About this task: Set down again each entry exactly as it reads, pictures excluded.

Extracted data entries
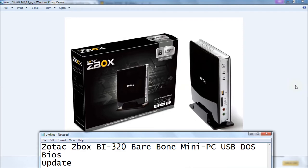Hello everyone, today I'm going to show you how to do a BIOS firmware upgrade on the Zotac ZBox BI320 barebones mini PC.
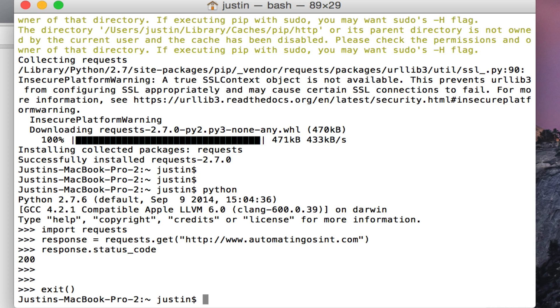Pip is the de facto way of doing that. I will be doing a similar tutorial for Windows, but in advance of that, please don't hesitate to send me any questions. It's justin@automatingosint.com, and thank you for watching.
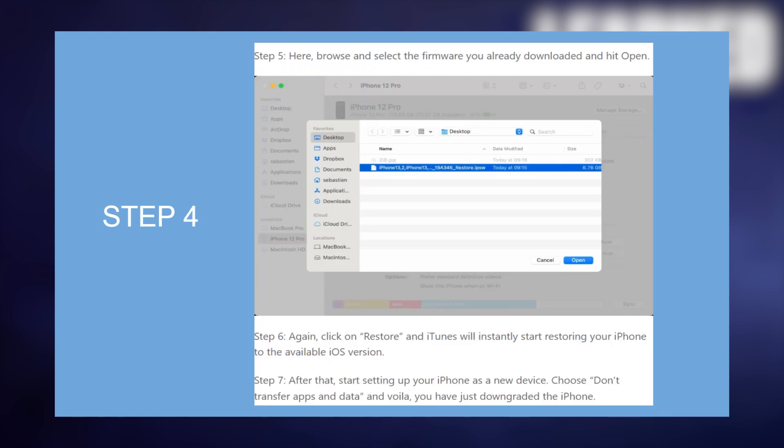Then, again, click on Restore and iTunes will instantly start restoring your iPhone to the available iOS version.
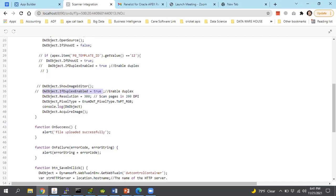Somebody has asked: can we use this method on the Oracle Cloud or autonomous database? The answer is no — you don't have direct access to the file system. But you can use the object storage. There is a package called DBMS_CLOUD that allows you to upload and download files from the object storage.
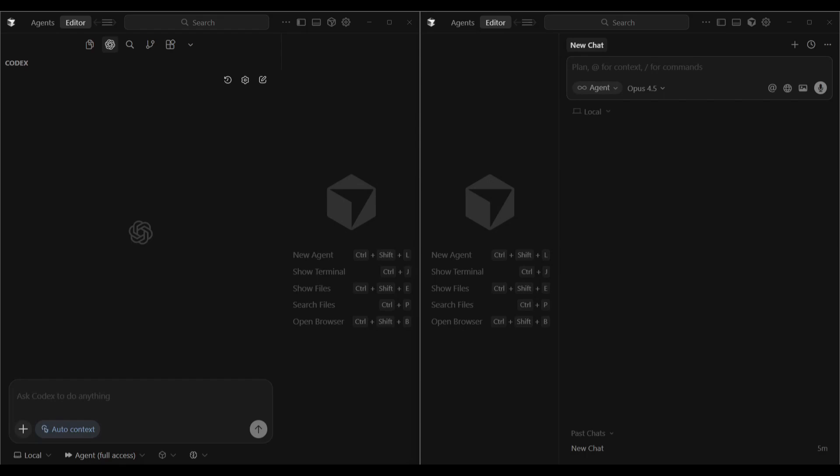This week has seen the release of two new AI models. OpenAI have released GPT 5.1 Codex, and Anthropic have released Claude Opus 4.5. From my testing so far, these are two of the strongest models available. So in this video, I'm going to put them head to head and see which one can build the best game.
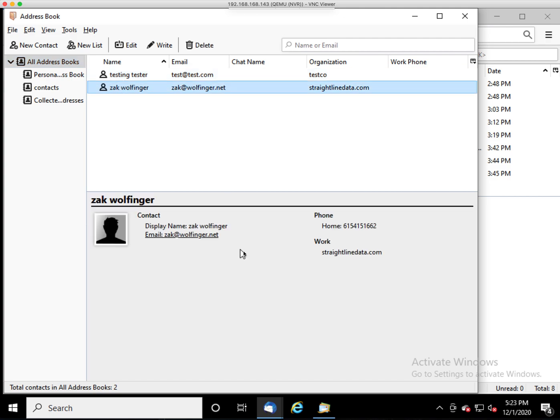If I click on the contact, you can see the email, the phone, the name of the company. They're all in the right spot. So I'm not sure what that error is, but it looks to be working in any case.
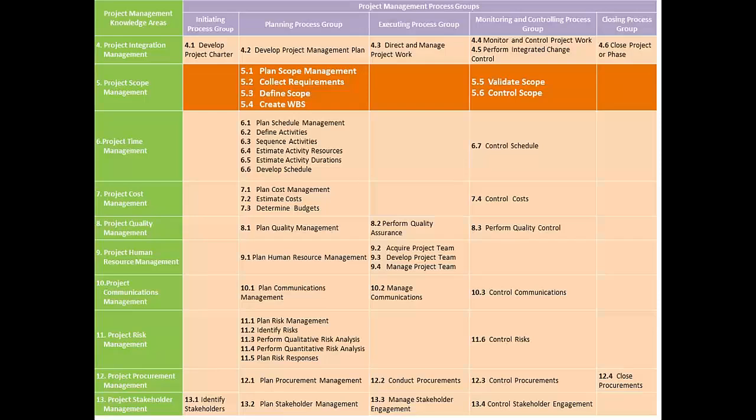This is the same table that you saw in the previous knowledge area. We would spend some time on this table to understand the relationship between the processes in this particular knowledge area and the correlation with the other processes from other knowledge areas.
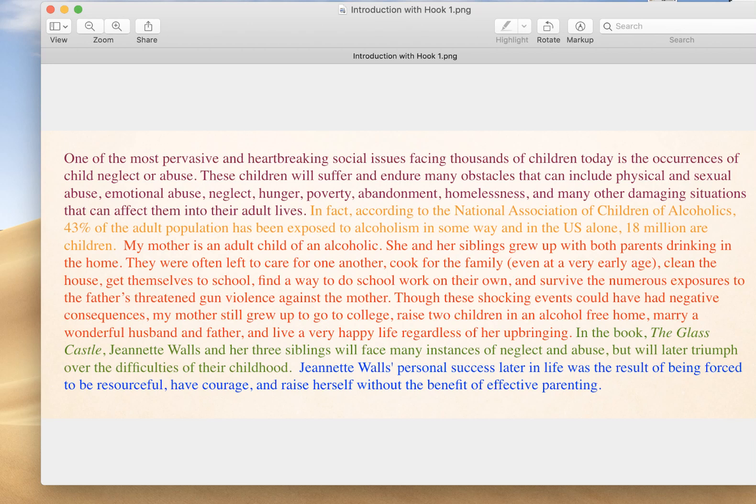Welcome, everybody, to this week's lecture. It's going to be on how to develop your first supporting paragraph for your first map point in your thesis statement, and we're going to talk about how do we develop the meat of our essay.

Response below:
Hello everyone, today I'm going to show you how to do a BIOS firmware upgrade on the Zotac ZBox BI320 barebones mini PC.
Pip is the de facto way of doing that. I will be doing a similar tutorial for Windows, but in advance of that, please don't hesitate to send me any questions. It's justin@automatingosint.com, and thank you for watching.
Then, again, click on Restore and iTunes will instantly start restoring your iPhone to the available iOS version.
Somebody has asked: can we use this method on the Oracle Cloud or autonomous database? The answer is no — you don't have direct access to the file system. But you can use the object storage. There is a package called DBMS_CLOUD that allows you to upload and download files from the object storage.
This week has seen the release of two new AI models. OpenAI have released GPT 5.1 Codex, and Anthropic have released Claude Opus 4.5. From my testing so far, these are two of the strongest models available. So in this video, I'm going to put them head to head and see which one can build the best game.
If I click on the contact, you can see the email, the phone, the name of the company. They're all in the right spot. So I'm not sure what that error is, but it looks to be working in any case.
This is the same table that you saw in the previous knowledge area. We would spend some time on this table to understand the relationship between the processes in this particular knowledge area and the correlation with the other processes from other knowledge areas.
Welcome, everybody, to this week's lecture. It's going to be on how to develop your first supporting paragraph for your first map point in your thesis statement, and we're going to talk about how do we develop the meat of our essay.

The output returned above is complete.